"""

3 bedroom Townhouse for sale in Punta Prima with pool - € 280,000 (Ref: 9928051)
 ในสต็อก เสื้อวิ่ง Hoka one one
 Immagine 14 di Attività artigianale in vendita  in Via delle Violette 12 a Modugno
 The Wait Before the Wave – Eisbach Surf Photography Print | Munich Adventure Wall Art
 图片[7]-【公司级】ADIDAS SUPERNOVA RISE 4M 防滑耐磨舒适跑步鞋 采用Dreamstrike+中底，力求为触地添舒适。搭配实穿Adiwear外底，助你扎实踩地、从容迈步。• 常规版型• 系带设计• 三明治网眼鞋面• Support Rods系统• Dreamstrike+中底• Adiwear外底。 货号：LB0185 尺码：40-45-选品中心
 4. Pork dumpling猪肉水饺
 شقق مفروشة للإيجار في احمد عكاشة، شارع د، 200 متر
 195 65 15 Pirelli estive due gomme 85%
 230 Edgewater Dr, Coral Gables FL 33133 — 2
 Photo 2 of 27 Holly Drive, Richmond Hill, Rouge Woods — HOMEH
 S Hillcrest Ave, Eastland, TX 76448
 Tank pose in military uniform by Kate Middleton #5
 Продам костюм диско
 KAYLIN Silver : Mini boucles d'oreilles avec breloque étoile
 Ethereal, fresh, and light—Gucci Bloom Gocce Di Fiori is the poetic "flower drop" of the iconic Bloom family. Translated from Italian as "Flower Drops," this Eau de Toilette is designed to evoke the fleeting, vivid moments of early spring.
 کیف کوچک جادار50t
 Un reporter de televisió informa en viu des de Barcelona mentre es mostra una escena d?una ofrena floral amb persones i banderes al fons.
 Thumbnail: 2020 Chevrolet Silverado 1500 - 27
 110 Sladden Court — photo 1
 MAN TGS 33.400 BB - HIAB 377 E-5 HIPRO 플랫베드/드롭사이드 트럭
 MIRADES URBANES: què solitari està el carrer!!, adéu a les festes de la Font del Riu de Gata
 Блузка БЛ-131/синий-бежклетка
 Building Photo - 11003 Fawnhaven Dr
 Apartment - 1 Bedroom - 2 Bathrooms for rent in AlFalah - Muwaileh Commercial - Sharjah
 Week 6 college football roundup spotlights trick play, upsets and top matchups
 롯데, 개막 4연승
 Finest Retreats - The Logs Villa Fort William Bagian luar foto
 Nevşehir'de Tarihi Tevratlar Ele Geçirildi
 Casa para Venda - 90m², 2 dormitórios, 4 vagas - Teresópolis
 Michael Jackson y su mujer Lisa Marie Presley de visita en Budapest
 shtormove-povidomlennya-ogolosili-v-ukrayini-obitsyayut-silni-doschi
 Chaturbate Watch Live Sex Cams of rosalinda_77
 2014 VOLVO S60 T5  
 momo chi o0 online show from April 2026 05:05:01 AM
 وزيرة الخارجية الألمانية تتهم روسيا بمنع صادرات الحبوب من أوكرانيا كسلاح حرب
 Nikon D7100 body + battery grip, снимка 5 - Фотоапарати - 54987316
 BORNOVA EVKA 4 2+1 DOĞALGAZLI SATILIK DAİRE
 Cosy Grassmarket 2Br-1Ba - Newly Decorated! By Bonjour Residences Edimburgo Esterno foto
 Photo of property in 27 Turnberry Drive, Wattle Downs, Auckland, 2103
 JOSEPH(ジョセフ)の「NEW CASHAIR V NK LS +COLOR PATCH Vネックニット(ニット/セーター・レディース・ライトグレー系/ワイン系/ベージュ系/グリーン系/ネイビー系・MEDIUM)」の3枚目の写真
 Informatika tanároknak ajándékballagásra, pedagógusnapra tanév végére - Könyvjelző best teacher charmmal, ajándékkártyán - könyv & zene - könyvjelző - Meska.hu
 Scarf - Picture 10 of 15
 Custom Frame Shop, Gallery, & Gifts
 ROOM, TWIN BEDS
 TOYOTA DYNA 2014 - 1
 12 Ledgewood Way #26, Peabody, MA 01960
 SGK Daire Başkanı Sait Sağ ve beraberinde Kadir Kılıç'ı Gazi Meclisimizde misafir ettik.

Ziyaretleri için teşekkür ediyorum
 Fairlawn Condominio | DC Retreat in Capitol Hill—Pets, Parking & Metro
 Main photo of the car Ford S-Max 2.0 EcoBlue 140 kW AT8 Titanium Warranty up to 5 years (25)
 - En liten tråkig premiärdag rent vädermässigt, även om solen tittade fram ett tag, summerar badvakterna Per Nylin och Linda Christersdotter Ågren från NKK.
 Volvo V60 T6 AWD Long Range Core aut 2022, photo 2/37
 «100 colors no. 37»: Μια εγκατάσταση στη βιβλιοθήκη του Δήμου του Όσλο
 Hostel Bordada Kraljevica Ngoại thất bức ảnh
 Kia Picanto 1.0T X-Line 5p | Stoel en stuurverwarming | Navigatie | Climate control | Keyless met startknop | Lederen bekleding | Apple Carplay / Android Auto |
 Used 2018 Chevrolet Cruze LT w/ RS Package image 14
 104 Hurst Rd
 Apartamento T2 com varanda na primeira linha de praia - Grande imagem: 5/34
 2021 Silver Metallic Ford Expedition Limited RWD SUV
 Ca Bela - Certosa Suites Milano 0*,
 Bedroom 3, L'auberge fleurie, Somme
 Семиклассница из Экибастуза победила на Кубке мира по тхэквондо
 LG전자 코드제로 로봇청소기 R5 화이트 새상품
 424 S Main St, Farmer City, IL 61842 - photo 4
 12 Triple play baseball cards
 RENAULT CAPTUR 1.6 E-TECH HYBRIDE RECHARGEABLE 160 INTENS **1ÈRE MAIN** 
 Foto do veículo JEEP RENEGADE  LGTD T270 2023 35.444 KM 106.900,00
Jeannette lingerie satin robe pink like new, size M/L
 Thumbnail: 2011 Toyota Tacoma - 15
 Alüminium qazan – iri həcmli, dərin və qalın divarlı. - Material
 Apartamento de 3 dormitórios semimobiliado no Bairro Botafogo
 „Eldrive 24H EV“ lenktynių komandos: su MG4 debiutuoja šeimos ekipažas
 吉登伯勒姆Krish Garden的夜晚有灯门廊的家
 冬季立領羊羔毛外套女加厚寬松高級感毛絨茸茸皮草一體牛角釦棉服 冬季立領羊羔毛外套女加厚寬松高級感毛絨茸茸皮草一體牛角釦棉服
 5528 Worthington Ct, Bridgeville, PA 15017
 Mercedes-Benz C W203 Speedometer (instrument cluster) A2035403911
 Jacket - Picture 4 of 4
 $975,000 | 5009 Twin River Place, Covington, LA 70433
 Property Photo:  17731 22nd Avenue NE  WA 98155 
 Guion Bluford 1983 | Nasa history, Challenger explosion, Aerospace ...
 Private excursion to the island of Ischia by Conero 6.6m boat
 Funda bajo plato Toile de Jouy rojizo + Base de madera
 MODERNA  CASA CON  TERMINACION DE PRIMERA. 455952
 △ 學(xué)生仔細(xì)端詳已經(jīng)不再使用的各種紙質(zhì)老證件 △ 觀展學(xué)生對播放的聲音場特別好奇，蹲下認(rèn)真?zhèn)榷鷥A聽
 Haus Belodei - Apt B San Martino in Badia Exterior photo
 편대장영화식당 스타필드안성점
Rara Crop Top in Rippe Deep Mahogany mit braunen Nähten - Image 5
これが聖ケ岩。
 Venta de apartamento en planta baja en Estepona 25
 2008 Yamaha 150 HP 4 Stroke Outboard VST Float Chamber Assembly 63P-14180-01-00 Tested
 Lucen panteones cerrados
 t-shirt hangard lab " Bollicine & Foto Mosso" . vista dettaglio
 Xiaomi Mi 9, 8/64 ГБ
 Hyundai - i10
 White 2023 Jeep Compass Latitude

"""

* _INSTRUCTIONS FOR THE TASK_: Please give back, exactly as it stands above, the stretch from the line with "4. Pork dumpling猪肉水饺" through the line with "Nevşehir'de Tarihi Tevratlar Ele Geçirildi", and no line outside it.

* _ANSWER FOR THIS EXERCISE_:
 4. Pork dumpling猪肉水饺
 شقق مفروشة للإيجار في احمد عكاشة، شارع د، 200 متر
 195 65 15 Pirelli estive due gomme 85%
 230 Edgewater Dr, Coral Gables FL 33133 — 2
 Photo 2 of 27 Holly Drive, Richmond Hill, Rouge Woods — HOMEH
 S Hillcrest Ave, Eastland, TX 76448
 Tank pose in military uniform by Kate Middleton #5
 Продам костюм диско
 KAYLIN Silver : Mini boucles d'oreilles avec breloque étoile
 Ethereal, fresh, and light—Gucci Bloom Gocce Di Fiori is the poetic "flower drop" of the iconic Bloom family. Translated from Italian as "Flower Drops," this Eau de Toilette is designed to evoke the fleeting, vivid moments of early spring.
 کیف کوچک جادار50t
 Un reporter de televisió informa en viu des de Barcelona mentre es mostra una escena d?una ofrena floral amb persones i banderes al fons.
 Thumbnail: 2020 Chevrolet Silverado 1500 - 27
 110 Sladden Court — photo 1
 MAN TGS 33.400 BB - HIAB 377 E-5 HIPRO 플랫베드/드롭사이드 트럭
 MIRADES URBANES: què solitari està el carrer!!, adéu a les festes de la Font del Riu de Gata
 Блузка БЛ-131/синий-бежклетка
 Building Photo - 11003 Fawnhaven Dr
 Apartment - 1 Bedroom - 2 Bathrooms for rent in AlFalah - Muwaileh Commercial - Sharjah
 Week 6 college football roundup spotlights trick play, upsets and top matchups
 롯데, 개막 4연승
 Finest Retreats - The Logs Villa Fort William Bagian luar foto
 Nevşehir'de Tarihi Tevratlar Ele Geçirildi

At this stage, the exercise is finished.